Karyakepri.com
Politik

Terkait Koalisi Partai, PKS Masih Jalin Komunikasi

Karyakepri- Menjelang pemilu 2024, beberapa  partai mulai membentuk koalisi. Sementara itu,
Ketua Majelis Syuro Partai Keadilan Sejahtera (PKS) Salim Segaf al-Jufri mengatakan partainya masih terus melakukan komunikasi dengan partai lain untuk koalisi menghadapi Pemilihan Presiden (Pilpres) 2024.

Menurut Salim, PKS hingga kini masih pada tahap penjajakan dengan sejumlah partai. Ia mengaku tak ambil pusing dengan kedekatan sejumlah partai lain baru-baru ini.

“Kalau komunikasi jalan terus, dengan semua partai kita lakukan, tapi sekali lagi masih sekadar komunikasi belum sampai pada titik untuk deklarasi,” kata dia kepada wartawan di kantor DPP PKS, Jakarta Selatan, Senin (11/07).

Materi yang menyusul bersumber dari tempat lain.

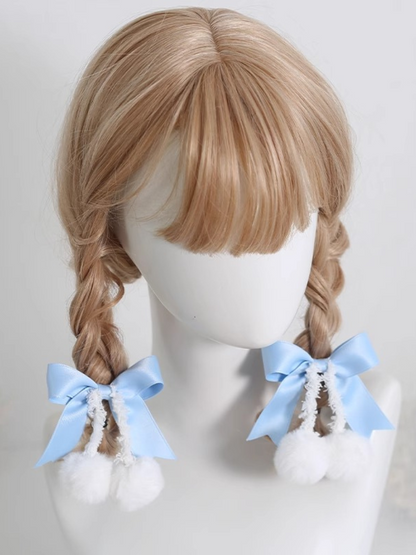 Sweet Ribbon Hairpin Double Pom Pom Hair Elastic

Salim mengaku tak mau ikut campur dengan dapur partai lain yang kini mulai menjalin kedekatan. Lagi pula, katanya, mereka umumnya juga belum secara resmi mengumumkan koalisi.

Ia meyakini peta koalisi akan berjalan dinamis dan pintu koalisi bagi PKS akan tetap terbuka. Pernyataan itu juga disampaikan sekaligus merespons rencana koalisi semut merah dengan PKB.

“Selagi belum deklarasi bisa berubah-ubah, yang deket bisa berjauh, yang jauh bisa dekat lagi, yang deket bisa bubar semua bisa terjadi,” katanya.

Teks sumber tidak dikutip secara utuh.